HRT may cause breast cancer recurrence

Hormone replacement therapy, which is known to increase the risk of breast cancer, also appears to make it more likely a tumor will return in women who have had the disease, researchers said on Tuesday.

Women who had earlier had breast cancer were 14 percent more likely to get it again if they used hormone replacement therapy, or HRT, researchers said in the U.S. Journal of the National Cancer Institute.

They followed for four years or longer 442 mostly Scandinavian women who had had breast cancer, half of whom had received HRT.

The women were part of a trial stopped in 2003 after concerns about the increased risk of breast cancer recurring for women on hormone therapy.

Volunteers who had received HRT got breast cancer again more than twice as often as women in the other group, amounting to an overall increased risk of 14 percent, the researchers said.

HRT was popular among menopausal women until 2002, when a major study found that it could raise the risk not only of breast and ovarian cancer, but also strokes and other serious conditions.

That study caused millions of women to abandon HRT and hit shares in makers of hormone therapies such as Wyeth.

Doctors have since stressed that younger women who need HRT drugs to relieve serious menopause symptoms such as hot flashes and vaginal dryness should still consider taking them because lower-dose formulations are now available and doctors prescribe them for short periods of time.

Hormone replacement therapy is a system of medical treatment for surgically menopausal, perimenopausal and postmenopausal women, based on the assumption that it may prevent discomfort and health problems caused by diminished circulating estrogen and progesterone hormones.
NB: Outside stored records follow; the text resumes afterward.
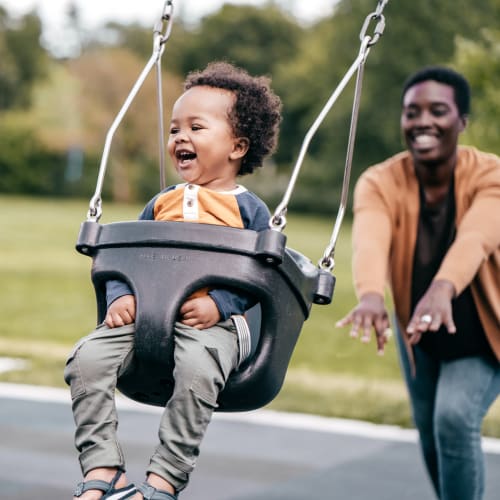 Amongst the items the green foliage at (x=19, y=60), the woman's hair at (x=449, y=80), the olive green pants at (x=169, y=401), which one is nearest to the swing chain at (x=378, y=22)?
the woman's hair at (x=449, y=80)

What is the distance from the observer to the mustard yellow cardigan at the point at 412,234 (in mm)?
3279

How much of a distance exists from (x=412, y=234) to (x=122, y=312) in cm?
153

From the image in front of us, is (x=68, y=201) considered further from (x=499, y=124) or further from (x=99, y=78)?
(x=499, y=124)

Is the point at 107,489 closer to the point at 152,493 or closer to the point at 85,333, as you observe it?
the point at 152,493

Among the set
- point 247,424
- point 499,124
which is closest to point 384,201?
point 247,424

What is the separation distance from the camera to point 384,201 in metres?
3.53

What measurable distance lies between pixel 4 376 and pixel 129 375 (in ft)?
21.5


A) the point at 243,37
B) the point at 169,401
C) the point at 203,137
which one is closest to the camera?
the point at 169,401

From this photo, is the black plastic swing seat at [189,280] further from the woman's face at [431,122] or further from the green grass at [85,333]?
the green grass at [85,333]

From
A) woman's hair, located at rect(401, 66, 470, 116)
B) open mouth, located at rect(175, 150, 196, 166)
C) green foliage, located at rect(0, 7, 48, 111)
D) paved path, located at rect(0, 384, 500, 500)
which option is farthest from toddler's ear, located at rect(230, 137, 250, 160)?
green foliage, located at rect(0, 7, 48, 111)

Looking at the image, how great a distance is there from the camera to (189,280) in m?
2.24

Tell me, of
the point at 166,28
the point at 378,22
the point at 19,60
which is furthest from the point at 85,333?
the point at 19,60

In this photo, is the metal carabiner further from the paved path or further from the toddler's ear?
the paved path

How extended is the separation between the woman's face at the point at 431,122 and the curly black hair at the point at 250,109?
92cm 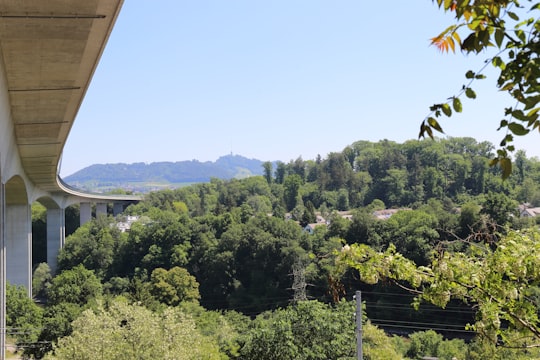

The treatment involves a series of drugs designed to artificially boost hormone levels. The main types of hormones involved are estrogens, progesterone or progestins, and sometimes testosterone.

HRT is available in various forms. It generally provides low dosages of one or more estrogens, and often also provides either progesterone or a chemical analogue, called a progestin. Testosterone may also be included.

HRT is seen as either a short-term relief (often one or two years, usually less than five) from menopausal symptoms (hot flashes, irregular menstruation, fat redistribution etc.) or as a longer term treatment to reduce the risk of osteopenia leading to osteoporosis. Younger women with premature ovarian failure or surgical menopause may use hormone replacement therapy for many years, until the age that natural menopause would be expected to occur.